Sanders’ courage is evident in the first word he uses to describe himself: ‘Socialist’. In a country where Communism is still the dirtiest of ideological dirty words, in a climate where even liberalism is considered radical, and Socialism is immediately and perhaps willfully confused with Communism, a politician dares to call himself a socialist? He does indeed. Here is someone who has ‘looked into his own soul/ and expressed an ideology, the endorsement of which, in today’s political atmosphere, is analogous to a self-inflicted gunshot wound.  Even though he has lived through a time in which an admitted socialist could not act in a film, let alone hold a Congressional seat, Sanders is not afraid to be candid about his political persuasion.

Buttigieg went on to note Sanders’ early acceptance of same sex marriage, his willingness to challenge the NRA and his independently organized drug-purchasing trips to Canada that were intended to draw attention to the rising cost of prescription drugs — all issues that Sanders still prides himself on 20 years later.

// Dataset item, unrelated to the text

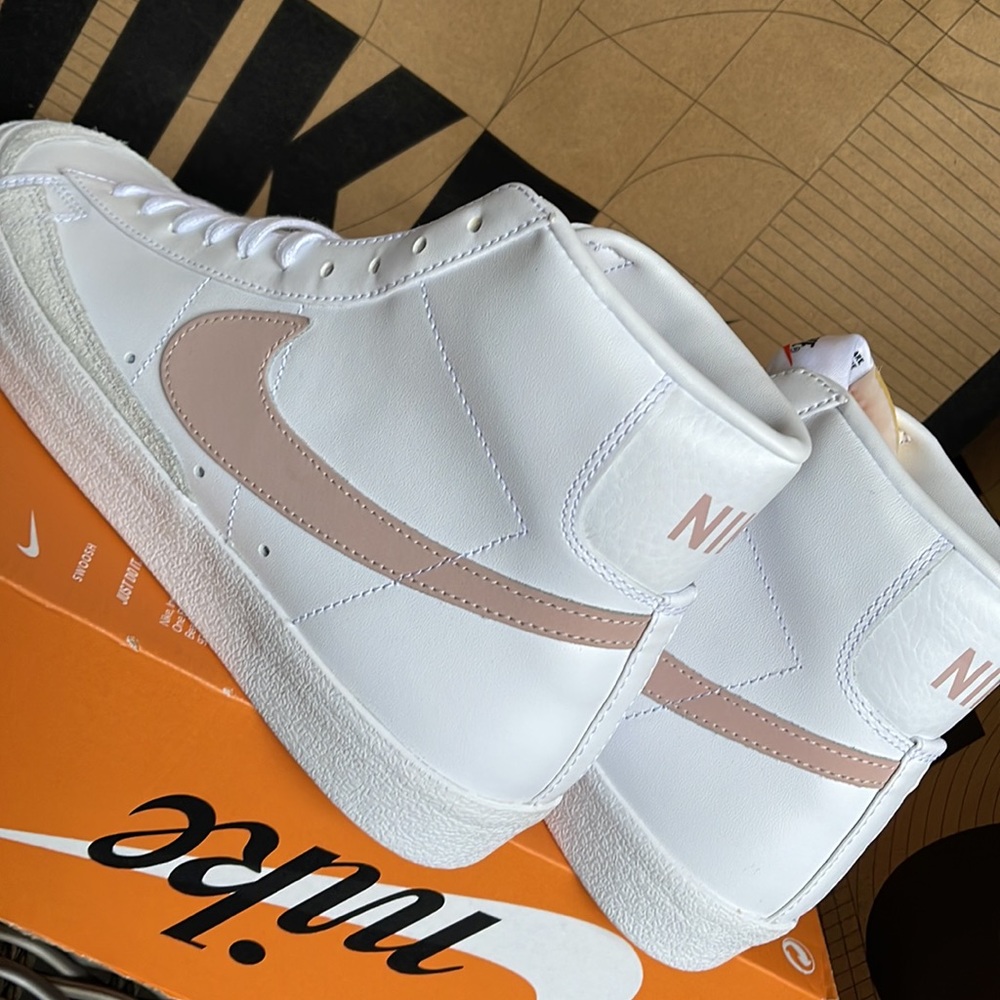 Nike W Blazer Mid ` 77 White / Pink Oxford - Black MEN`S - Picture 15 of 16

Buttigieg then argued that simply taking a principled stand, while courageous, was not the full picture of Sanders. It was his ability to bring both side together, Buttigieg explained, that truly made him a “profile in courage.”

It is the second half of Sanders’ political role that puts the first half into perspective: he is a powerful force for conciliation and bi-partisanship on Capitol Hill. In Profiles in Courage, John F. Kennedy wrote that ‘we should not be too hasty in condemning all compromise as bad morals. For politics and legislation are not matters for inflexible principles or unattainable ideals.’ It may seem strange that someone so steadfast in his principles has a reputation as a peacemaker between divided forces in Washington, but this is what makes Sanders truly remarkable. He represents President Kennedy’s ideal of ‘compromises of issues, not of principles.’

The two frontrunners — Buttigieg leads the delegate count after last week’s disastrous Iowa caucuses, but Sanders holds the lead in raw vote counts — have clashed on several occasions, particularly with regard to health care. Sanders favors Medicare for All, while Buttigieg stresses the need to leave the people a choice and favors a plan he’s dubbed “Medicare for All Who Want It.”